On a donc à l’évidence beaucoup mélangé les faits, les rôles et les choses dans cette affaire depuis des lustres, postérieurement au premier voyage de Bartolomeu Dias dans les parages, et le résultat, c’est que rien n’est moins certain ni moins contestable que le fait d’attribuer au Cap de Bonne-Espérance (Jean II du Portugal) d’aujourd’hui, alias le Cap des Tempêtes (de Bartolomeu Dias) la position géographique secondaire et sans grand intérêt pour les marins qu’il a de nos jours sur les cartes marines et sur les cartes touristiques de la province du Cap Occidental (Western Cape).

Cape Point, beaucoup plus évident, n’est-il pas un cap usurpateur de la véritable Histoire ?

Hé, Bartolomeu, toi seul pourrais me dire ce qu’il en est…


Photo 1 - Le Cap des Aiguilles.

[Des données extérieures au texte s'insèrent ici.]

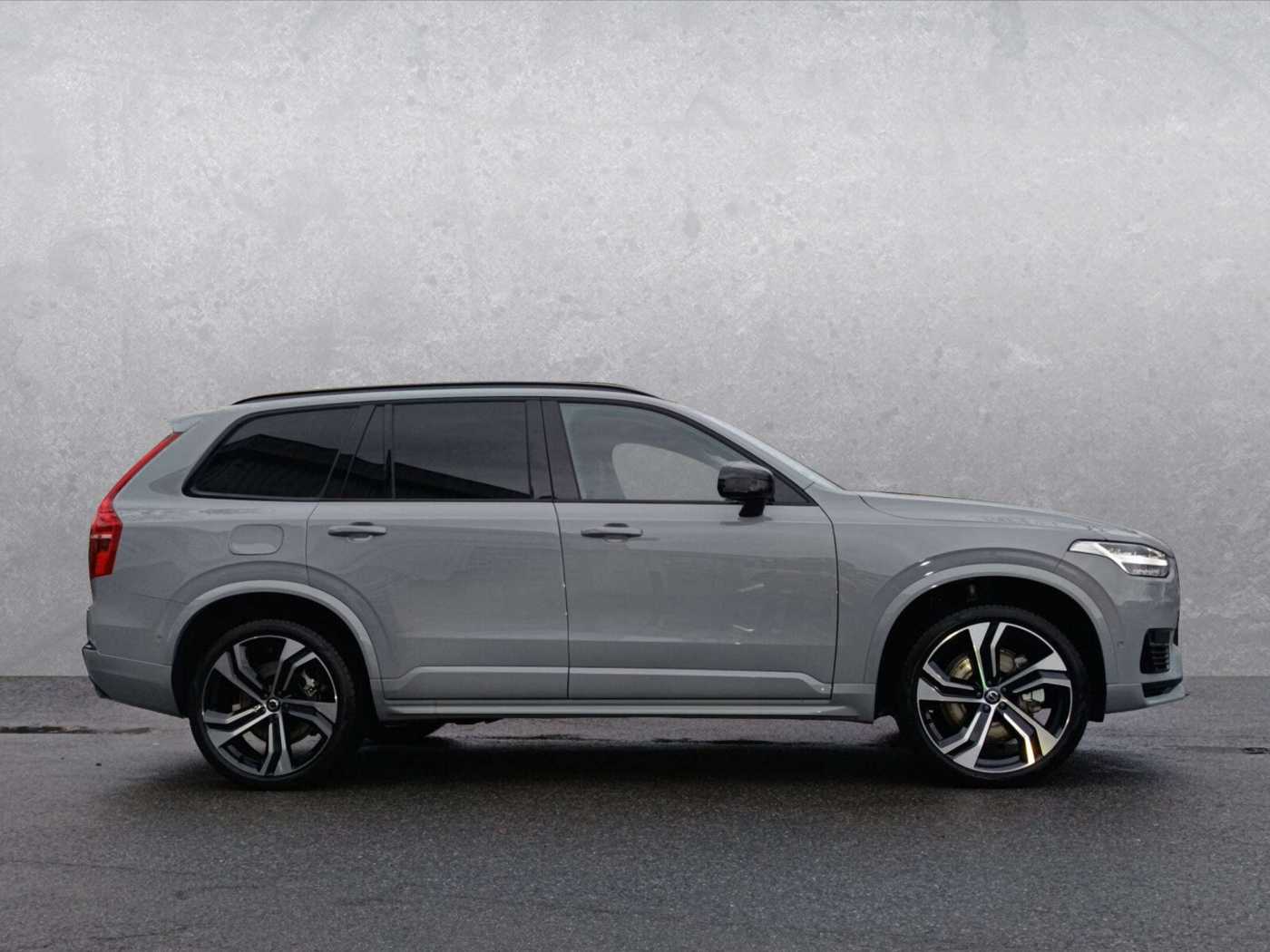 Volvo  XC90T8 AWD Plug-in Hybrid Plus Dark AHK Luftfahr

Pour lui, au moins, c'est clair. C'est le point le plus sud du continent africain...

Photo 2 - Sur la péninsule du Cap, des antilopes (des autruches, et des babouins aussi)...

Photo 3 - Cape Point et ses deux phares, un vrai cap, et assez vraisemblablement, le Cap des Tempêtes de Bartolomeu Dias, en 1488...

Photo 4 - Le phare inférieur de Cape Point, un cap particulièrement remarquable depuis le large...

Photo 5 - Ma supposition, c'est que le Cape Point d'aujourd'hui serait peut-être le Cap des Tempêtes de Bartolomeu Dias...


Photo 6 - Et dans ce cas, Cape Point serait le Cap de Bonne-Espérance du roi Jean II du Portugal...


Photo 7 - Perché sur la haute falaise entre Cape Point et ce qu'on appelle  le Cap de Bonne-Espérance, je réfléchis,et je photographie...

Photo 8 - Le Cap de Bonne-Espérance d'aujourd'hui...

Photo 9 - ... un cap géographiquement très secondaire, sur lequel personne n'a songé à ériger un phare, tiens tiens...

Photo 10 - L'équipage de Jangada prend la pause devant la pancarte, mais notez que de là, le cap n'est même pas visible!